Wexford has grouped them under the theme of 'Magic and Music', with the theme of the exotic 'other' or orientalism perhaps more aptly characterizing the selection.

Jacques Fromental Halévy's “La Tempesta” based on Eugène Scribe's adaptation of Shakespeare's “Storm” kicked things off in a co-production with the Teatro Coccia in Novara, Piedmont.

Felix Mendelssohn Bartholdy was originally intended to set the libretto to music.

However, he turned down the commission, not least because he disliked Scribe's reductive corruption of Shakespeare.

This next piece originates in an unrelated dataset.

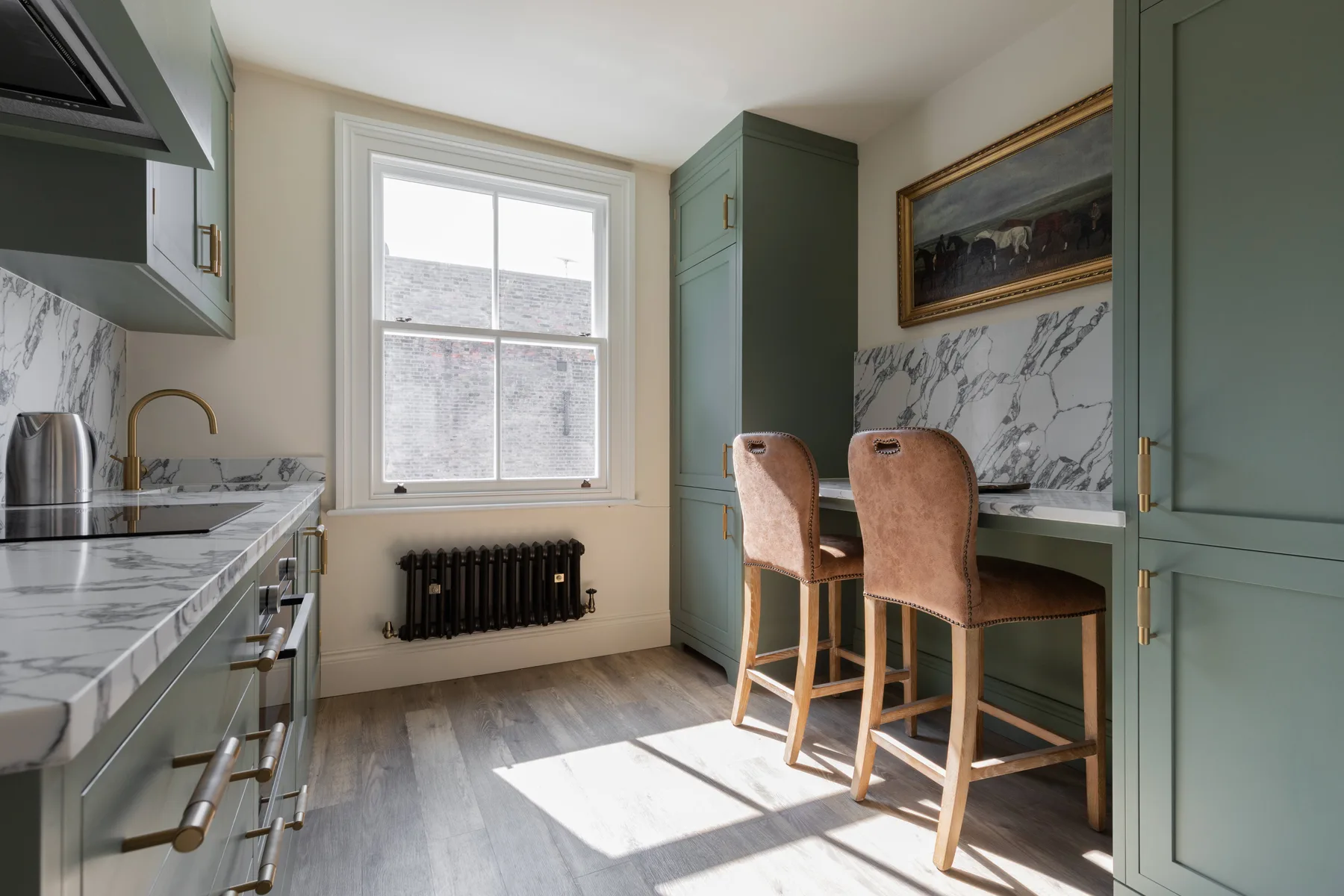A bright kitchen with a marble counter, window, and small dining area.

And so the choice fell on Halévy.

Prejudices?

But not the English!

His "Tempesta" is a European mongrel: English poet, French librettist, French composer, premiered in London in 1850 in Italian in the style of Italian opera, with the effort of the Parisian "Grand opéra".

The London audience was enthusiastic, and the critics mostly praised it.

However, Scribe's free handling of The Tempest reinforced the British prejudice that the French should not be trusted with Shakespeare.

In Scribe, the princely magician Prospero becomes a marginal figure.

Instead, his daughter Miranda and the desires of the natural man Caliban, who has been shaken by him, are brought into focus for her.

A magazine published a satirical recipe for an Avon swan, as Shakespeare is known, with instructions

to repeatedly boil and cool the dismembered bird until the pieces were thoroughly broken up.

"To be served hot to an enlightened audience who will be delighted that a French chef has made such a splendid fricassee of his beloved Avon swan." all forty operas by Halévy except for "La Juive".